As per the standard QuIP approach, the interviews were conducted ‘blindfolded’ as far as possible, helping to mitigate the potential of both pro-project bias and unconscious prompting by researchers. Researchers had no knowledge of the project being assessed and were simply asked to collect information on reported changes in the lives and livelihoods of respondents, using a specially designed semi-structured questionnaire.

Analysis of the qualitative data demonstrated clear evidence that home improvement loans contributed to a range of positive outcomes in the lives of urban and rural clients of both MFIs. Changes were particularly evident in people’s reported experiences of housing conditions, housing finance & services, health, safety & security and relationships. Some of the most important findings of the study include:

  • Increased sense of security. Clients particularly in rural areas took out home improvement loans to undertake a variety of home repairs and improvements to be better shielded during the monsoon season and live without fear of being flooded.
  • Improved housing conditions also engendered an increase in social status and inclusion, and as a result increased feelings of self-worth and pride, particularly in the urban context.
  • Extending dwellings provided urban and rural clients with enough space for all family members, allowing children to have their own space to study and sleep resulting in improved family relationships. Housing improvements also increased people’s privacy and enabled others to start or expand their home-based small businesses.
  • Taking out loans enabled women to be part of a savings group. Respondents reported that being part of a group made them feel more confident in managing financial matters and offered more opportunities to socialise, as well as discuss and share their problems with others, creating a greater sense of solidarity – particularly in urban areas.
  • They majority of respondents, particularly from urban areas, felt that they had better access to credit. Several clients said that having access to easy access loans led to a feeling of increased financial security and many also highlighted that the increased presence of MFIs in the area had changed borrowing habits as they had stopped borrowing from local moneylenders.

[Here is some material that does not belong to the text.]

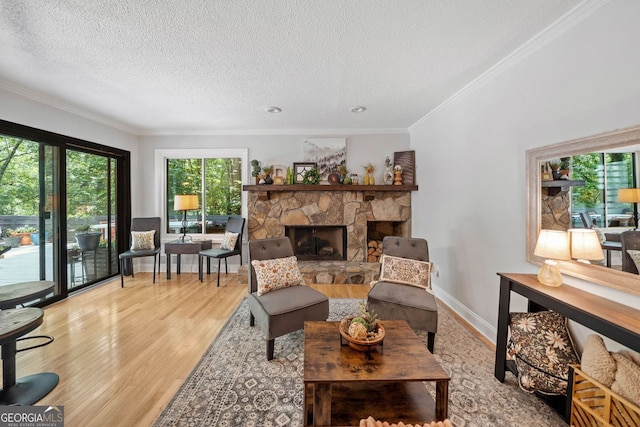 545 Matterhorn Way, Alpharetta, GA 30022 - living area featuring wood finished floors, a textured ceiling, a fireplace, ornamental molding, and baseboards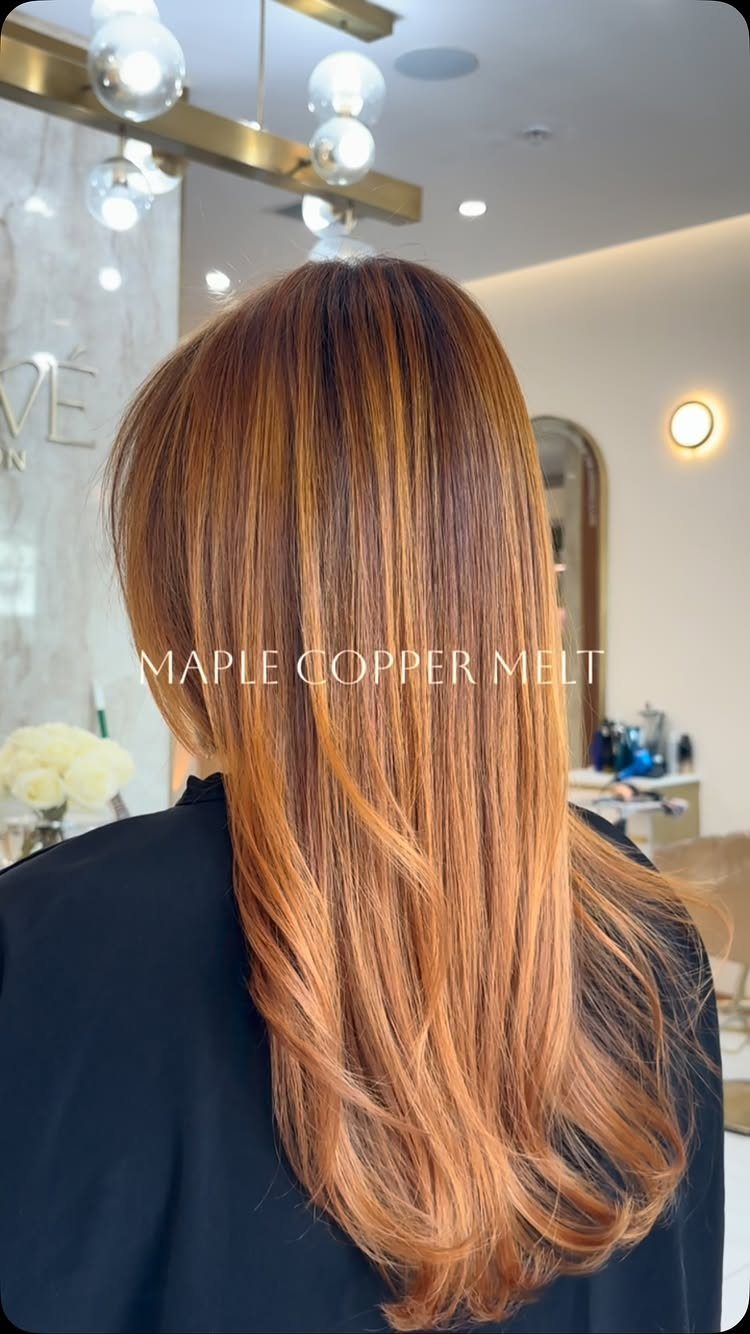 Long brunette and copper hair blended in ribbons and styled in loose waves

The study also uncovered several factors that could be used to inform improved future programme design.

  • There was concern that greater availability of loans can also lead to over-indebtedness and anxiety about repayment, particularly about potentially losing assets.
  • Reduced ability to work due to ill health and subsequent loss of income placed further strain on low-income households.
  • We found significant differences in the housing quality conditions between clients of the two MFIs. These differences are important to guide future credit policies and housing microfinance product design, taking into account factors that are unique to specific geographies and locations.

These findings can inform future efforts to improve the supply of housing microfinance products and services. For example, there is a need to focus on the provision of other non-financial services to support access to and use of housing improvement loans; e.g. advice on financial management, using loans to support income generating activities, education and counselling. Low-income households have greater access to more financial products and are dealing with multiple loans with multiple tenures. Over-indebted clients need help to reduce the negative social and health effects associated with their debts.

As regards housing conditions, home improvement loans alone may not be enough to improve housing quality and should be complemented with technical assistance to aid clients to make informed decisions about appropriate materials and construction specification.